# TASK TO CARRY OUT
Leaving the pictures aside, transcribe only and exactly the lines from the one with "A Pile of Logs" through the end of the entries, both included.

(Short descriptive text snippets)
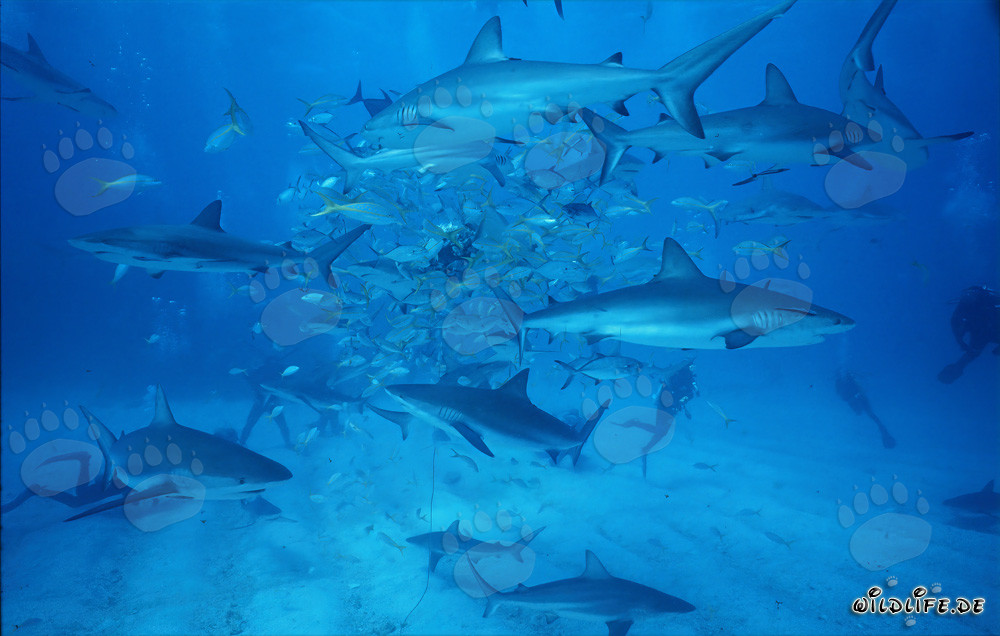 Incroyable Shark Rodeo : Requins des Caraïbes et pointes noires à Walker's Cay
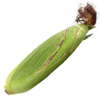 Corn crop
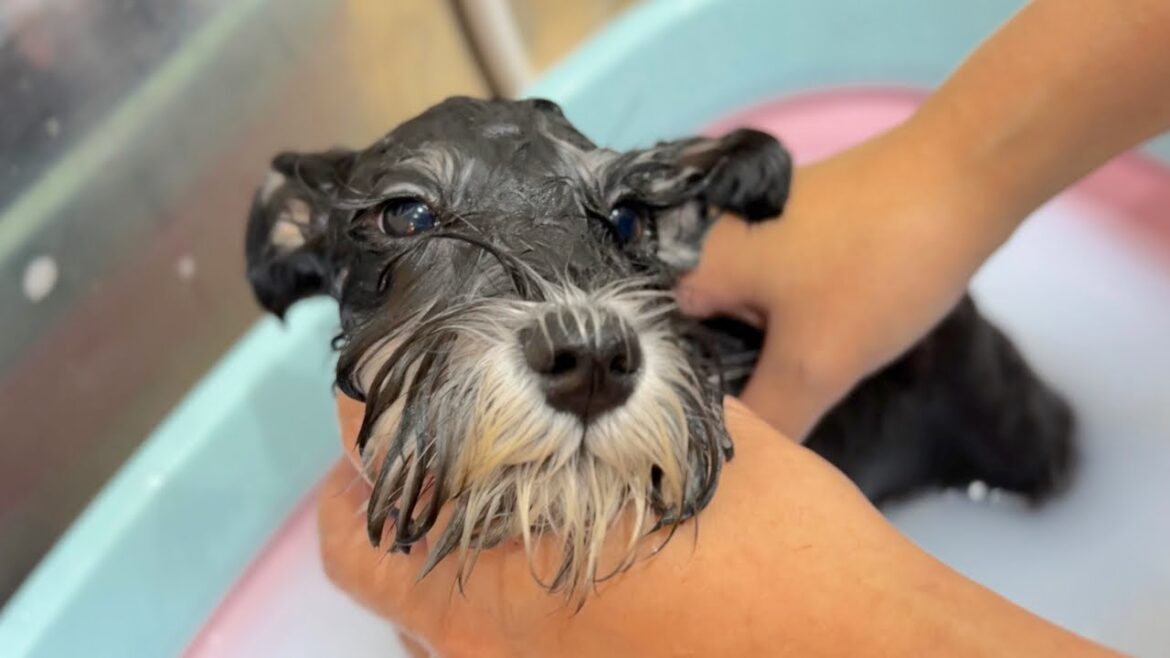 トリミングを猛特訓中の看板犬のミニチュアシュナウザー✂︎(ラスティちゃん) トリミングを猛特訓中の看板犬のミニチュアシュナウザー✂︎(ラスティちゃん)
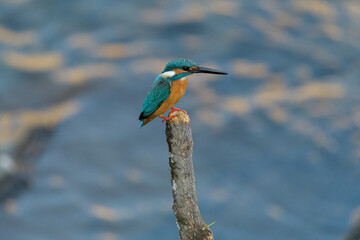 水辺のハンターカワセミ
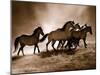 Wild Horses-Lisa Dearing-Mounted Photo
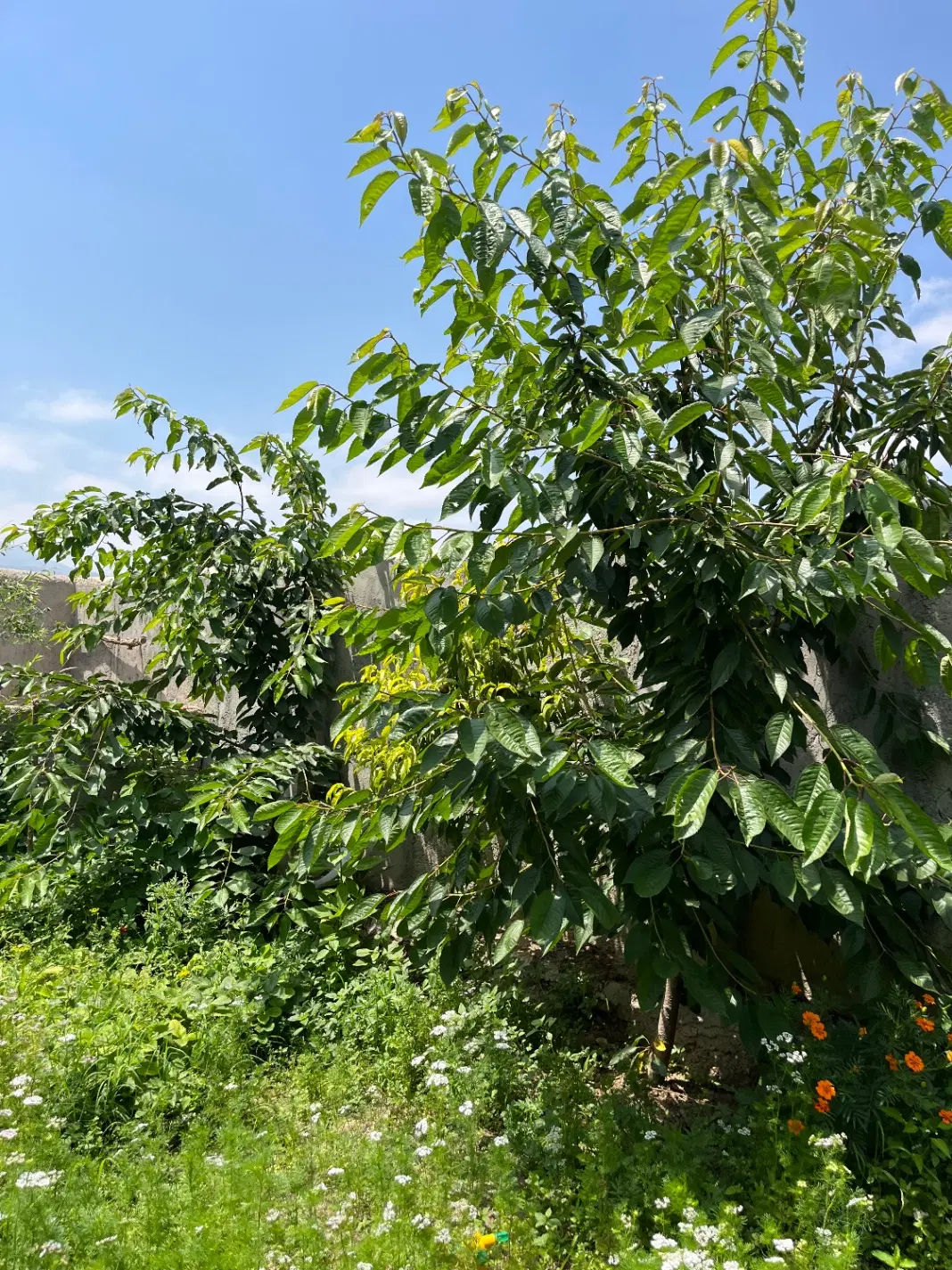فروش خانه باغ در روستای توریستی احمداباد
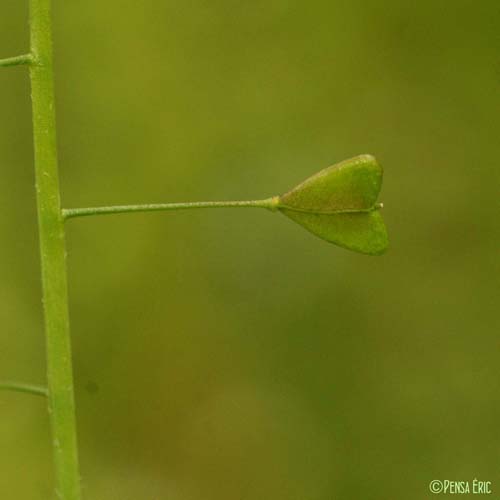 Bourse-à-pasteur - Capsella bursa-pastoris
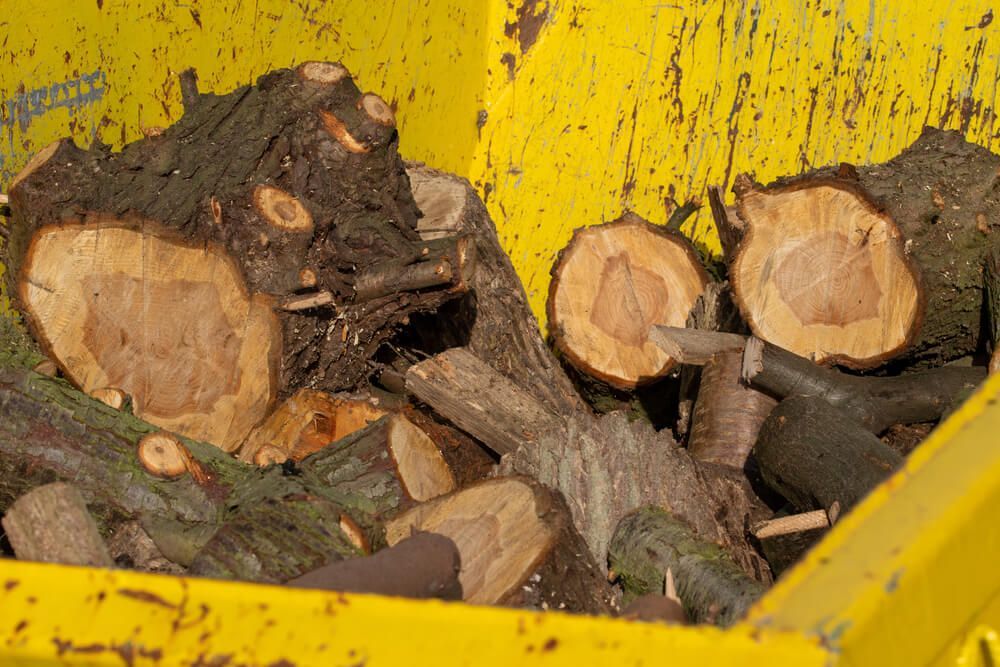 A Pile of Logs in a Yellow Container — Swift Skips in Gympie, QLD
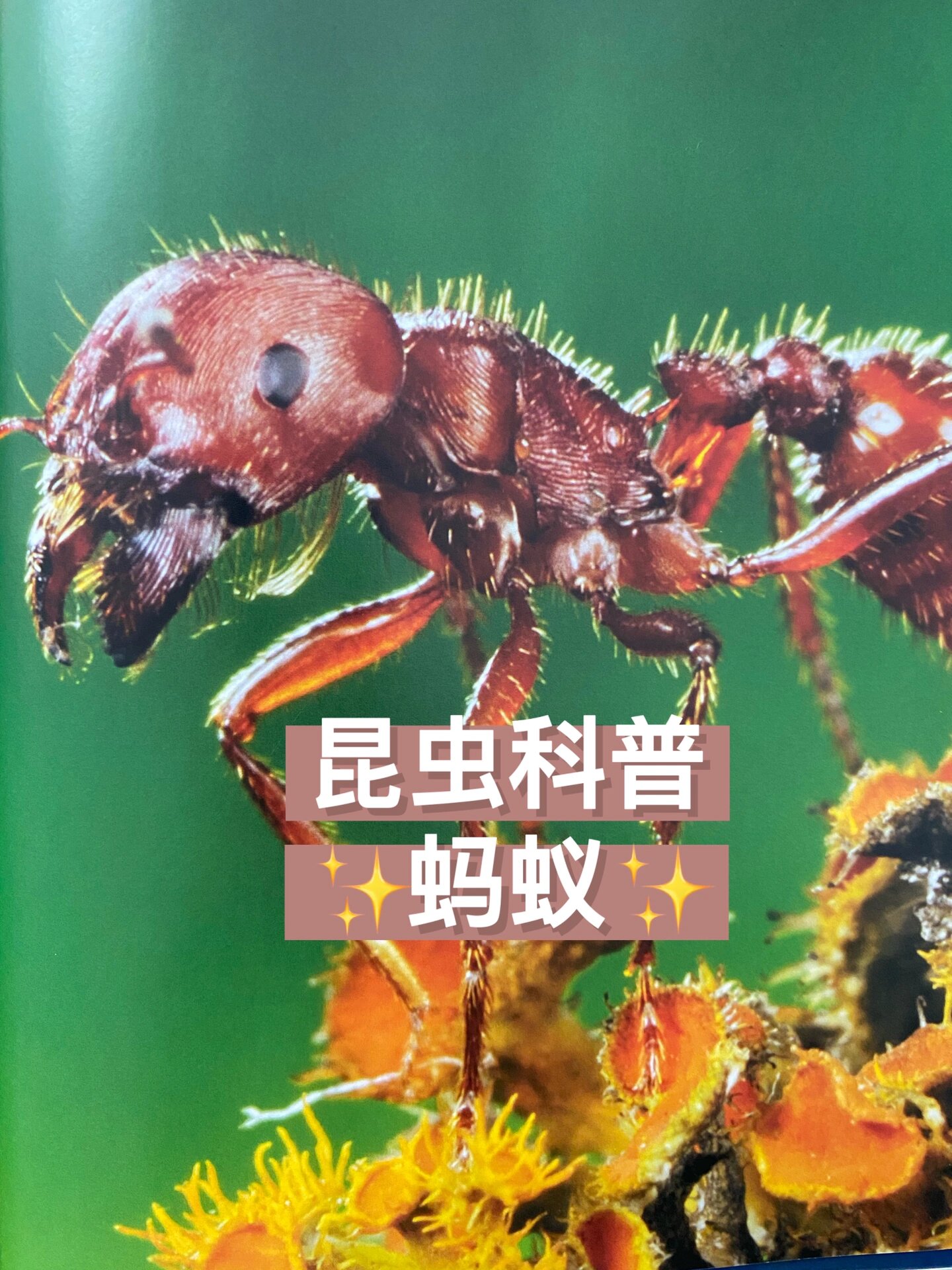 在家做昆虫科普:蚂蚁(双语)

# ANSWER TO THE PROBLEM
 A Pile of Logs in a Yellow Container — Swift Skips in Gympie, QLD
 在家做昆虫科普:蚂蚁(双语)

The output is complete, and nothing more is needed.